# TiVo, treat cancellations with some RESPECT please.



## DJRobX (Mar 5, 2000)

Some background: I am an early adopter of TiVo and love the product dearly. 

But for the love of christ, if I want to stop a subscription, MAKE IT EASY AND HASSLE-FREE for me to do so! I can do everything else on the web, why not cancel? 

I had to go through this horrid, god awful process twice now. The first because I sold a TiVo to someone else who should pay for their own service, and the second because we upgraded to a Series 3 and transferred the lifetime subscription and didn't need the old unit anymore. 

Listening to the sales agent on the other end beg and plead like you're about to run over their daughter's newborn kitten is absolutely atrocious.
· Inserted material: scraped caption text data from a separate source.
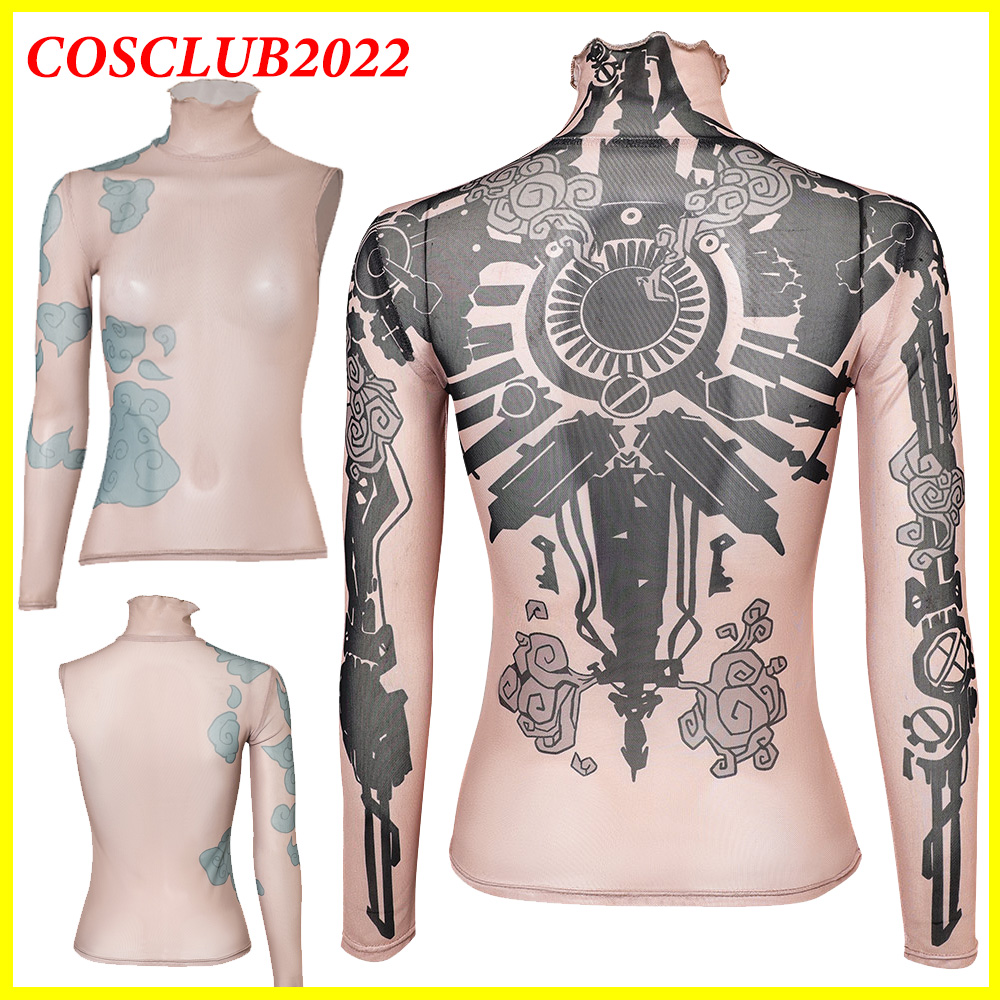 Summer Alt Clothing - Femmes Arcane Jinx Cosplay chemise tatouage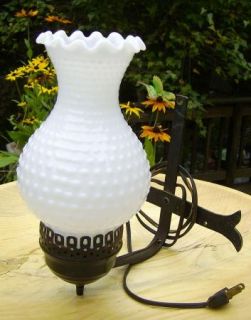 Vintage Black Metal Wall Light Sconce with White Hobnail Ruffle Shade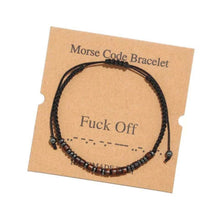 Load image into Gallery viewer, Wood and Black stone Morse Code bracelet "F. OFF" adjustable size for woman and man
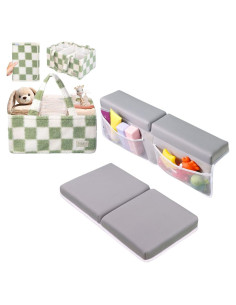 Conjunto Almohadilla Rodillas y Codos Toodly + Cesta Pañales Cuadros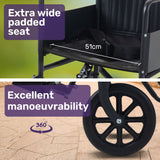 NNEMB Folding Transit Manual Wheelchair, Attendant Propelled, Steel Frame, Wide Seat, Comfortable for S-XL, 114kg Capacity, Park Brakes, Transport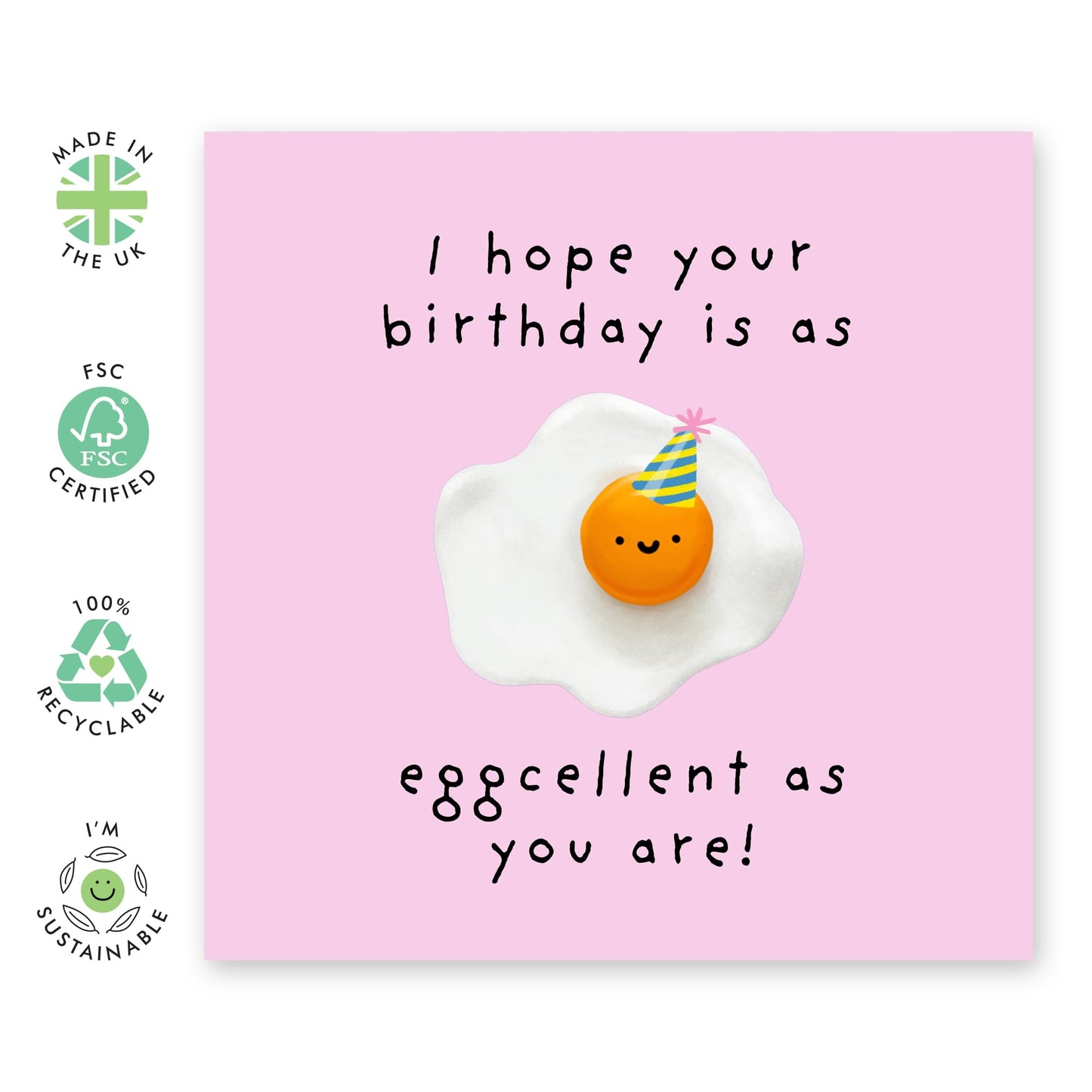 Cheerful Greeting Card - 'EGGCELLENT AS YOU ARE!' - Perfect for Celebrating Special MUMents with Fun and Positivity - Ideal for Friends Family Besties BFFs Sisters - Comes With Stickers By Central 23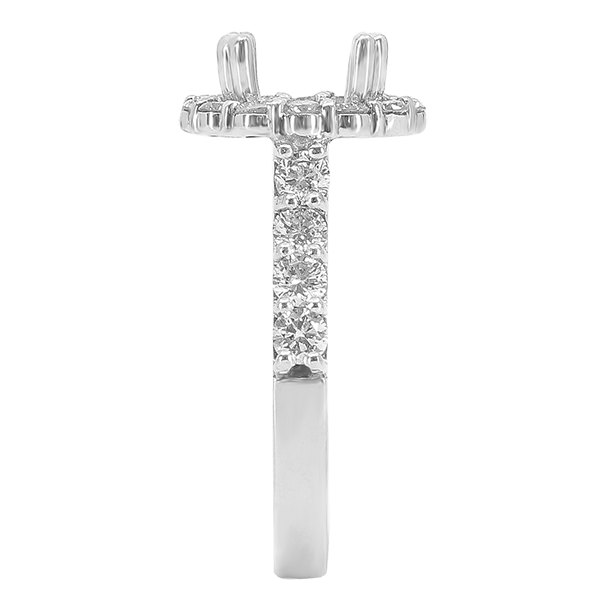14K WHITE GOLD SHARED PRONG 12MM ROUND HALO ENAGEMENT RING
Good grief, can't you see the other 5 active units on my account? NO, I DONT WANT TO BUY ANOTHER HD BOX RIGHT NOW. Arrgh! Then once you finally get them to agree to terminate service, they put you on HOLD for another 3 minutes. What the hell? 

What should be a 1 minute operation on the internet turns into a completely unnecessary ordeal that truly leaves a bad taste in my mouth. They're almsot on par wtih AOL in this respect.

Come on TiVo, you're a better company than this.

-- Rob


----------



## Mikeguy (Jul 28, 2005)

I cruise the web while listening to the obligatory "please don't leave us" script that has to be read ...


----------



## Ben_Jamin75 (Dec 18, 2003)

I canceled two old units without any issues. I just said "I have two tivos I need to cancel service on, i replaced them with dual tuner boxes". She figured out which boxes, put me on hold for a couple minutes and I was done. I even refreshed my tivo.com/manage webpage while i was on the phone and the boxes moved to the canceled section.


----------



## jlb (Dec 13, 2001)

Ben_Jamin75 said:


> I canceled two old units without any issues. I just said "I have two tivos I need to cancel service on, i replaced them with dual tuner boxes". She figured out which boxes, put me on hold for a couple minutes and I was done. I even refreshed my tivo.com/manage webpage while i was on the phone and the boxes moved to the canceled section.


In a situation such as this, why bother with customer service anyways. If you buy a box at retail, you just can use the "Manage My Account" to do the replacements on your account.


----------



## WhiskeyTango (Sep 20, 2006)

Of course they are going to give you a hard time, they don't want to lose customers. It may not work often, but if they can convince a few people to stay on, then this cancellation system is working better for them than allowing you to simply log on and click 'Cancel'.


----------



## Ben_Jamin75 (Dec 18, 2003)

jlb said:


> In a situation such as this, why bother with customer service anyways. If you buy a box at retail, you just can use the "Manage My Account" to do the replacements on your account.


Because I got them from tivo free with a service agreement (before the last price restructure).


----------